What Is The Casual Cycle On A Washing Machine?

Back in the early days of domestic washing machines there were clothes that were called permanent press. These were chemically treated to not crease or wrinkle so much and washing machine manufacturers added a programme specifically for permanent press clothes.

Jump forward to now and many machines have replaced the permanent press cycle for the casual or wrinkle control cycle. It’s all basically the same cycle just under a different name.

What Is The Casual Cycle Used For?

Washing Machine

The casual cycle is used to wash clothes that crease or wrinkle and is mainly used for man made synthetic fabrics. If you want to prevent your synthetic fabrics from stretching, shrinking or fading the casual cycle is your best choice. 

It can also be used for regular clothes as well to prevent the need for extra ironing.

How Does The Casual Cycle Work?

During the casual cycle, the clothes are washed using warm, not hot water, and rinsed using cold water. 

It is a short cycle that uses a slow spin speed (typically 800 RPM or less) which helps reduce the amount of creases or wrinkles that form on the fabric.

What Are The Benefits Of The Casual Wash Cycle?

The benefits of the casual cycle include;

  • It’s Fast
    The casual cycle lasts for no more than around 30 minutes from start to finish. This makes it ideal for washing clothes in a hurry.
  • It Uses Less Water
    The casual cycle uses far less water than a regular wash cycle.
  • It Uses Less Electricity
    As the water used doesn’t need to be hot, the casual cycle uses far less electricity than a regular cycle.
  • It Saves You Money
    Less electricity and less water usage all add up to a saving on utility bills.
  • It’s Gentle
    Clothes are less likely to become damaged using a casual cycle because of its low spin speed and reduced agitation.
  • It Reduces Wrinkles & Creases
    The casual cycle cuts down on the number of creases and wrinkles in the clothes which means less ironing. 

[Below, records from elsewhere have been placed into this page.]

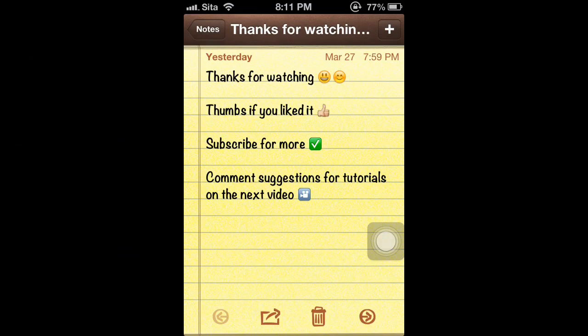Okay thanks for watching, thumbs up if you liked it, subscribe for more, comment suggestions for tutorials on the next video. All right guys, bye.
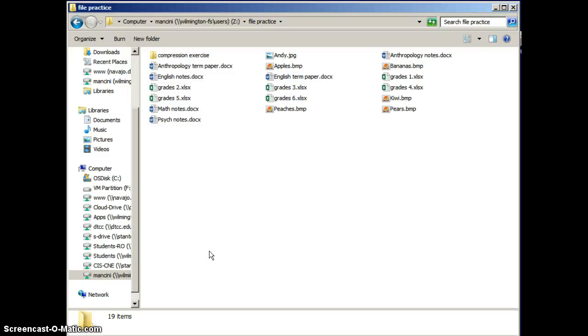Hello. Today we're going to be discussing the different views available in Windows Explorer and how to change among the views and how to sort in the different views.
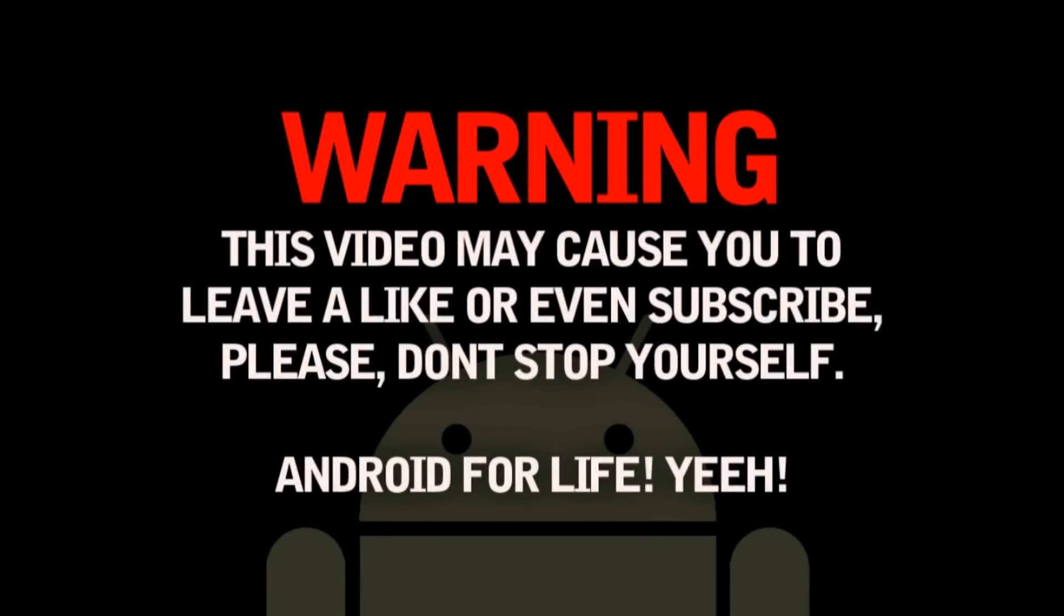Warning, this video may cause you to leave a like or even subscribe. Please don't stop yourself. Android for life.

When Should You Use The Casual Cycle?

Given all of the benefits of using the casual cycle on your washing machine, we recommend using it often. However, there are times when you shouldn’t use the casual cycle which include;

  • On Large Loads
    The casual cycle isn’t really suitable for large wash loads as the reduced water content would mean much of the load wouldn’t get cleaned properly.
  • On Heavily Soiled Clothes
    Clothes that are too stained or have a high ratio of ingrained dirt wouldn’t get cleaned sufficiently using a casual cycle.
  • Clothes From Ill People
    If you have clothes from any one who has been particularly unwell or clothes with vomit or other bodily fluids on them, they will not get sanitised sufficiently using the casual cycle.

What Clothes Should Be Washed Using The Casual Cycle?

Polyester Scarf

The casual cycle can be used for ;

  • Casual Wear
  • Knitwear
  • Synthetics
    • Polyester
    • Nylon
    • Rayon
    • Spandex
    • Acrylic
    • Acetate
    • Lycra
    • Elastane
  • Office Wear
  • School Uniforms

It should also be used for small loads and not full wash loads.

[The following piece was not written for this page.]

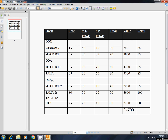Let's talk about the stock group. This is a course — DOM is a course. What do we want to talk about? Windows and MS Office, DOA, MS Office and Tally, DCA, MS Office and Tally and DTP. This course is a stock group. This is a stock item. Let's talk about stock items.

What Are The Stages Of The Casual Wash Cycle?

Even though the casual cycle is one of the fastest cycles on a washing machine, it still runs using a traditional 4 stage routine. These stages are operated at a faster speed than many other cycles but are still present.

They run as follows;

1. The Pre-Wash Phase

As the casual cycle uses a reduced water content, it goes through this stage pretty quickly. Once the water reaches a set level in the drum, the washer speeds through the pre-wash and heads straight into the main wash phase.

2. The Wash Phase

The wash phase is also pretty fast and takes an average of 5 to 7 minutes. The water used is either cold or warm depending on the make and model of machine you own.

The drum is agitated far less than during a regular wash cycle. In fact the clothes hardly get any rough treatment at all. It works in a similar way to the delicate cycle.

3. The Rinse Phase

The rinse is done using cold water and takes an average of twice as long as the wash phase. The drum agitation is kept to a minimum to prevent damage to the clothes and this phase uses a low spin speed.

4. The Spin Phase

The spin phase is typically the longest phase of the casual wash cycle. It spins at around 600 to 800 RPM with long slow intervals separating each burst.

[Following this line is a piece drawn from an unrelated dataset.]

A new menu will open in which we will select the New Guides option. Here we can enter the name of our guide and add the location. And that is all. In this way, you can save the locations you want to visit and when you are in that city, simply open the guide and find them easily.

During the slower intervals the drum temperature is cooled to help protect the clothes and also to help prevent creases. The whole spin phase can take upwards of 15 minutes which gives a total cycle time of around 30 minutes.

SEE ALSO: Permanent Press Vs Delicate Cycle – What’s The Difference?

Frequently Asked Questions

What is the difference between a normal and casual wash cycle?

The differences between a normal and a casual wash are; the normal wash cycle has a faster spin speed and a higher wash temperature than a casual wash cycle which is designed to prevent wrinkling and creasing.

Is casual the same as permanent press?

On washing machines and some tumble dryers, casual, permanent press and wrinkle control are all the same cycles.

Is casual a quick wash?

The casual cycle is a quick wash. Typically lasting no longer than 30 minutes in total, the casual wash is one of the quickest cycles on a washing machine.